I actually went to see England People Very Nice last night, but I'm still digesting it, so in the meantime I thought I'd tell you about Three Days of Rain instead.

This was another play seen on a bit of a whim, and another result for bargain theatre-going, with a balcony ticket bought a day earlier, converted into a circle ticket on the night.

The play is sold as jigsaw puzzle theatre, the audience being required to provide the thought (and presumably the nice padded tray) to put the pieces together. The question then becomes whether this is going to be an impossible 5,000 piecer or one designed for toddlers and clumsy fingers. Actually, although it wasn't anywhere near as tricksy as it thought it was, it was just about complicated enough to feel a mild sense of achievement at working it out.

The play starts with James McAvoy's first character addressing the audience directly in a broad american accent that threw me a bit at the start, but was soon assimilated into everything else going on. The basic structure is that the first half shows three people dealing with the aftermath of their parents' lives, and their attempts to interpret them, whilst the second half shows what actually happened. The dual roles where each actor played both the parent and child was very effective. The main revelation of the second half was easily guessed at, but there were plenty of other little lightbulb moments to keep me interested, and a very satisfying 'Ahhh... so that's it..' moment at the end which caused a little murmered ripple through the audience.
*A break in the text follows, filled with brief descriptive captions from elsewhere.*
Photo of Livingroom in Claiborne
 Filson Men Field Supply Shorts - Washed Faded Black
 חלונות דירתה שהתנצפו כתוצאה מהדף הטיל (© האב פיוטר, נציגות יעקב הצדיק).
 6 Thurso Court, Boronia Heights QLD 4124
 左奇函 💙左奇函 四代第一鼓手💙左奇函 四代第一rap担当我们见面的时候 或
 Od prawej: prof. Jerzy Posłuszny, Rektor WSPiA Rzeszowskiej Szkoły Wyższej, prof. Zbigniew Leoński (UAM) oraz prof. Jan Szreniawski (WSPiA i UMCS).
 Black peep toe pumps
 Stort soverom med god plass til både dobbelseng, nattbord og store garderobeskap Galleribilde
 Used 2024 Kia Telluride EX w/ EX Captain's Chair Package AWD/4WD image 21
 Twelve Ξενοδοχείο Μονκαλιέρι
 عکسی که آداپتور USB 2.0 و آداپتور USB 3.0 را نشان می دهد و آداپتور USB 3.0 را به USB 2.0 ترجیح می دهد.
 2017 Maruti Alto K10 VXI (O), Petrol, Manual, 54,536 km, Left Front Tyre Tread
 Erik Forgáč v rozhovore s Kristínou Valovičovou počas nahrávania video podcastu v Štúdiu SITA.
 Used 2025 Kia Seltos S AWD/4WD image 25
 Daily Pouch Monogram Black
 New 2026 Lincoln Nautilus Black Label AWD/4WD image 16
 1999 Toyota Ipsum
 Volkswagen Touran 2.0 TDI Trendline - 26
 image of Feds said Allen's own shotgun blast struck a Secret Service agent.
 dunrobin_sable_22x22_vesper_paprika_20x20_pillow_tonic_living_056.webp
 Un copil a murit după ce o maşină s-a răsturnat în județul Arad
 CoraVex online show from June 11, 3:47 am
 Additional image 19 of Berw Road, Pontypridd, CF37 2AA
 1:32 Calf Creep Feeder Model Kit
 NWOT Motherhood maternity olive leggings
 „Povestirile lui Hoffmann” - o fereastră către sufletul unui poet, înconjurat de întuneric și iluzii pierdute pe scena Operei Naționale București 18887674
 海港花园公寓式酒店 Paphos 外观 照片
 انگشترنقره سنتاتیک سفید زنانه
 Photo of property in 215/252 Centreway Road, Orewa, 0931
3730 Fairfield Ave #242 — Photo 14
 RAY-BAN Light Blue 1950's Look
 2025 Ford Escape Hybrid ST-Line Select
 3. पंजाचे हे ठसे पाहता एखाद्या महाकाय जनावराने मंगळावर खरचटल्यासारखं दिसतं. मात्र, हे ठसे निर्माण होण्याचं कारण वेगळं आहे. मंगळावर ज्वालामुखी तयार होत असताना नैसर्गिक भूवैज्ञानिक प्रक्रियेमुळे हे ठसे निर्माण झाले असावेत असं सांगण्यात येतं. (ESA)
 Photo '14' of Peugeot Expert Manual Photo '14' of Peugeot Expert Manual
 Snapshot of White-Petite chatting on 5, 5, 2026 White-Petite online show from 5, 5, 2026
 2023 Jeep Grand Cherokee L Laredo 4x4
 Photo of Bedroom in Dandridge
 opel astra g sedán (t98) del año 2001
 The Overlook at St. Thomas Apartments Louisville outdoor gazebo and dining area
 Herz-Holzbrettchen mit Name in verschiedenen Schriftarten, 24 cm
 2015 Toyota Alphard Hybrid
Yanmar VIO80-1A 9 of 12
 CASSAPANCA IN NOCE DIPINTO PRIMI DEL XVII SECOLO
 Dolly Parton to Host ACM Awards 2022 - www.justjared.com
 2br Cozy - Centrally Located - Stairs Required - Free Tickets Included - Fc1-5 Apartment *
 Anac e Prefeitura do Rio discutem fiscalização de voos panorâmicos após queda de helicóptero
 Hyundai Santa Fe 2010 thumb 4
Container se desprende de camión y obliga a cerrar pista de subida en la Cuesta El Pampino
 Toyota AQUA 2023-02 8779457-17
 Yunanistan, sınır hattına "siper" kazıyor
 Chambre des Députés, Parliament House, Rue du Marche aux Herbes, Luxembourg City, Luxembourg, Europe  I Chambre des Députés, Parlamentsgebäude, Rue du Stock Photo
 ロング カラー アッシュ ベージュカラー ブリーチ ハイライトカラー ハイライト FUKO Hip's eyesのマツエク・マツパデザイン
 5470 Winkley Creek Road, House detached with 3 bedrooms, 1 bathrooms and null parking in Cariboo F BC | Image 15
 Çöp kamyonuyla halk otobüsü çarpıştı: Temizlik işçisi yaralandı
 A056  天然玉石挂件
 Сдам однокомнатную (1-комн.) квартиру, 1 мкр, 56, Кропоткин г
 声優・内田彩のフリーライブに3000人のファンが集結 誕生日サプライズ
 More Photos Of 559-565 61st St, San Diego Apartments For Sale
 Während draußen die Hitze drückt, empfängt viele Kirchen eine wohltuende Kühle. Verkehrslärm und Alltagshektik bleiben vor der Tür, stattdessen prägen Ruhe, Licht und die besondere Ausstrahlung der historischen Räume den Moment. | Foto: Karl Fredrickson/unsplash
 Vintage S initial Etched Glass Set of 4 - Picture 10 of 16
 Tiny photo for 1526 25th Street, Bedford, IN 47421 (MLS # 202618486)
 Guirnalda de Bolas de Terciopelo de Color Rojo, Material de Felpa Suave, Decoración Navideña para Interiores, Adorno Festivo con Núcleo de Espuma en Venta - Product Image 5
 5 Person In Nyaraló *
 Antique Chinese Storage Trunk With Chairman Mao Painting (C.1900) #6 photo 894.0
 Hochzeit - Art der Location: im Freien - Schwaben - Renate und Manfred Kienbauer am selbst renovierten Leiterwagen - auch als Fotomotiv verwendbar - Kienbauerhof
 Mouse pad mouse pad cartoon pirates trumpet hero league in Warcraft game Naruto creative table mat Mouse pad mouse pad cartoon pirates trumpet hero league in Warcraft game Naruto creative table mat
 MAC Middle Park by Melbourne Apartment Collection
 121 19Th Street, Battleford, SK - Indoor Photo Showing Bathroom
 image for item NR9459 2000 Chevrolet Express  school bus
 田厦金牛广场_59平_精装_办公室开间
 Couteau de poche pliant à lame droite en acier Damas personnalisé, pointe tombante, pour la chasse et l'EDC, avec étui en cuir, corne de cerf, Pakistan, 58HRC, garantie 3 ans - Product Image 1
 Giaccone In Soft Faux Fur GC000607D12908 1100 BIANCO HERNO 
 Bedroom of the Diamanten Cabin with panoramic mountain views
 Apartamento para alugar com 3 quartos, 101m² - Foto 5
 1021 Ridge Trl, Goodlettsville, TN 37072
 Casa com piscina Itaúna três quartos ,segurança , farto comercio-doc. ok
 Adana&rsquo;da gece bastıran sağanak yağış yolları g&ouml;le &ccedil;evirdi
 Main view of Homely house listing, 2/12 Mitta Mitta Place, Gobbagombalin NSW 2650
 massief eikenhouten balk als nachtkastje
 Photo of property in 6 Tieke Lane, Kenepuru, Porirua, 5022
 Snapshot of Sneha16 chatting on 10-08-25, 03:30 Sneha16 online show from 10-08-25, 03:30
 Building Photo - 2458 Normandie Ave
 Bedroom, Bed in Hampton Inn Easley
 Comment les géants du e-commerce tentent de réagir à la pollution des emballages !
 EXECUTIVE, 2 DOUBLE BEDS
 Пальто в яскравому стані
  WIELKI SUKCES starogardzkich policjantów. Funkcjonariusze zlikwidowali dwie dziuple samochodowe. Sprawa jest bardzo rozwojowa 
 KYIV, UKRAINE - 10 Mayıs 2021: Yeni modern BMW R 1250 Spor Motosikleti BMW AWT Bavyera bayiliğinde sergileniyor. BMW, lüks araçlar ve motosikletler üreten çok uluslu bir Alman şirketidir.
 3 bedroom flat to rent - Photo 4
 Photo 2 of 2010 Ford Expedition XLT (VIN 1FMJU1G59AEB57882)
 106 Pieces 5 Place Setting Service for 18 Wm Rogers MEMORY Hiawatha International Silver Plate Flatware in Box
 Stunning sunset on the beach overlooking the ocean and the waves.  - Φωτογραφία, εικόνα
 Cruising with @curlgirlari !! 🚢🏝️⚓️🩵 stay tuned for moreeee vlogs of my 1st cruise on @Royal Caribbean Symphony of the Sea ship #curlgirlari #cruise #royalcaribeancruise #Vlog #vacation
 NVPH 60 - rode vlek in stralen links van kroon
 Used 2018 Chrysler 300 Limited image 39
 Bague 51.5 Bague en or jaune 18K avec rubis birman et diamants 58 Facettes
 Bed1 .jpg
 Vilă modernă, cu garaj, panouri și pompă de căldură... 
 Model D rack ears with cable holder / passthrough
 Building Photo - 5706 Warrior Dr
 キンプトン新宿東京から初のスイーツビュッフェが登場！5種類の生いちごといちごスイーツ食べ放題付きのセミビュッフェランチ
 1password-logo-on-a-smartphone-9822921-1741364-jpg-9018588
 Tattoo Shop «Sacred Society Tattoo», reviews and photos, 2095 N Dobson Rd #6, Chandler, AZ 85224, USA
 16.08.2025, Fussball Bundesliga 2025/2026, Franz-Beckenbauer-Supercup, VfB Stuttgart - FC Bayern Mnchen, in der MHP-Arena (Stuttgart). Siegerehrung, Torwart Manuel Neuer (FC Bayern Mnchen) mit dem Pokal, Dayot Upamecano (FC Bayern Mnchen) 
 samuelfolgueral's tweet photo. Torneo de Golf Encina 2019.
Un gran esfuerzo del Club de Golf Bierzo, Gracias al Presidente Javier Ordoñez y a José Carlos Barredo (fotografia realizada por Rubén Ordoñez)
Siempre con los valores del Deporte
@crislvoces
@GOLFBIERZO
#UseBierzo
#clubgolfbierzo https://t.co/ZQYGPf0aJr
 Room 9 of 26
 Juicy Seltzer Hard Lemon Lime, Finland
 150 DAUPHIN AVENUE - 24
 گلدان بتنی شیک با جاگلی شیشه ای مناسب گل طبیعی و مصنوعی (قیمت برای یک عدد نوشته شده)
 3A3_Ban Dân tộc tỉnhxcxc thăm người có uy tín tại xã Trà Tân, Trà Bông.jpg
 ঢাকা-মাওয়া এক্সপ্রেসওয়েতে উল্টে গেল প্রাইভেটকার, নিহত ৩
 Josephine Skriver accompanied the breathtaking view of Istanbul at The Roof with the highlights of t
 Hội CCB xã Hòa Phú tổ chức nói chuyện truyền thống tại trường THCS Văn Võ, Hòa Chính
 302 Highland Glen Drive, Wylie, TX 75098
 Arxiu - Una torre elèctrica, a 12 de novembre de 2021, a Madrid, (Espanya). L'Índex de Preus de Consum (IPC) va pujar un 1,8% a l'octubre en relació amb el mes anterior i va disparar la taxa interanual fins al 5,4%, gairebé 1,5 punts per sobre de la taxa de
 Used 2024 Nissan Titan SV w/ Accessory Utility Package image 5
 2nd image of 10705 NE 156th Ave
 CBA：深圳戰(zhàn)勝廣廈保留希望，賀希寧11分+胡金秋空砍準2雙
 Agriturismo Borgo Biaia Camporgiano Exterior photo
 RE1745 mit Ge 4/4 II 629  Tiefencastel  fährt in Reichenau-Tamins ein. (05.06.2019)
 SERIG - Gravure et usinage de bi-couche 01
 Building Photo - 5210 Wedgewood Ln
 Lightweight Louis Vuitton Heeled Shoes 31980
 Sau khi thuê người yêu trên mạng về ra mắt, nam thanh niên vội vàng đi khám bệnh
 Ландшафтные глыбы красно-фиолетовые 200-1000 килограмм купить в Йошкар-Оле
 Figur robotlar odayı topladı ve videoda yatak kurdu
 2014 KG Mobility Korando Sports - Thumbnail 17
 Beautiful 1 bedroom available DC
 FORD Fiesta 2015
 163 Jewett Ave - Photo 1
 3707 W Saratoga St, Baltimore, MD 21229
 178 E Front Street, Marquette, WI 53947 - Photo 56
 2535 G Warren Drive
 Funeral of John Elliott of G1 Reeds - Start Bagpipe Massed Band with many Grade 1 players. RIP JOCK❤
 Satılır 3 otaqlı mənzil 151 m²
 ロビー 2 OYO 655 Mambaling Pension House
I loved the staging, particularly the curtains of rain, although I kept getting distracted by the puddles, and I thoroughly enjoyed the unpredictibility of some of the props - does the fruit roll about every night I wonder?

A family drama with enough unresolved points to keep me mulling them over for a day or so, and worth seeing for all sorts of reasons despite the critics, but James McAvoy's stammer is worth the price of the ticket by itself.